At the age of nineteen, He became part of the ukiyo-e Artist Katsukawa Shunsho and embarked on what turned out to be a lifetime career in arts. In his early career, Hokusai designed dioramas and made them as toys for kids. He even made board games that featured small landscape designs. These works mark the start of his journey towards the many distinctive landscape compositions he created, still famous today. Between 1814-19, Hokusai drew a series of images for aspiring youth to copy that got compiled into a best-selling book titled Hokusai Manga and document one of the earliest forms of Manga art.
In Japanese woodblock printing, the final preparatory sketch is sent to a block carver who attaches the thin paper to a block of wood and carefully carves it away to form a relief of the lines of the image. In this process, the drawing gets light. Then, with all the necessary blocks, sushi, or printer, place the printing paper on each block consecutively and rub the back with a hand-tool known as a barren. This way, many impressions, up to thousands, can be produced before the blocks exist worn out. Due to the nature of the production process, the final result was a collaboration. In which the painter usually did not participate in the production of the prints.
Thirty-six Views of Mount Fuji
In this series produced by Hokusai, he offers glances of Mount Fuji from various vantage points and during different times of the year. The prints of this series are specifically renowned for their rich hues- particularly the blue tones, which Hokusai achieved by his unique multi-block print-making technique.
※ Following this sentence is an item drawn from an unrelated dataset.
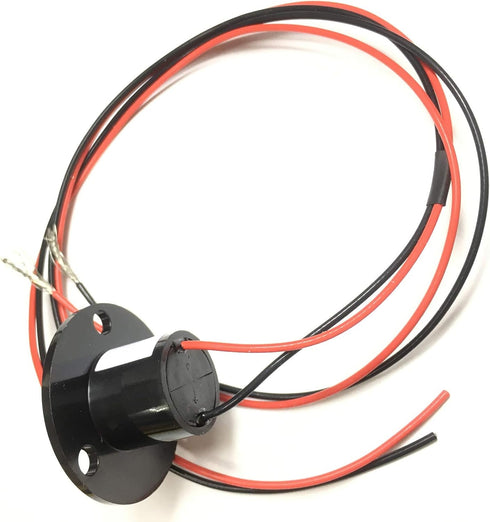 Taidacent 2 Wires 15A 20A 30A 40A 60A Slip Ring Collector Ring Rotary Electrical Contact (10A)...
The artwork is in the world’s famous museums. It includes the Metropolitan Museum of Art, the Art Institute of Chicago, the Los Angeles County Museum of Art, and the British Museum. Additionally, the Great Wave has inspired mass works of contemporary art, including a monumental mural in Moscow, an environmental installation in Florida, and even the cat drawings of a Malaysian artist in Paris. Each of these pieces serves as proof of the influence of the Japanese masterpiece.
The article ensures that you have adequate information to examine the artwork.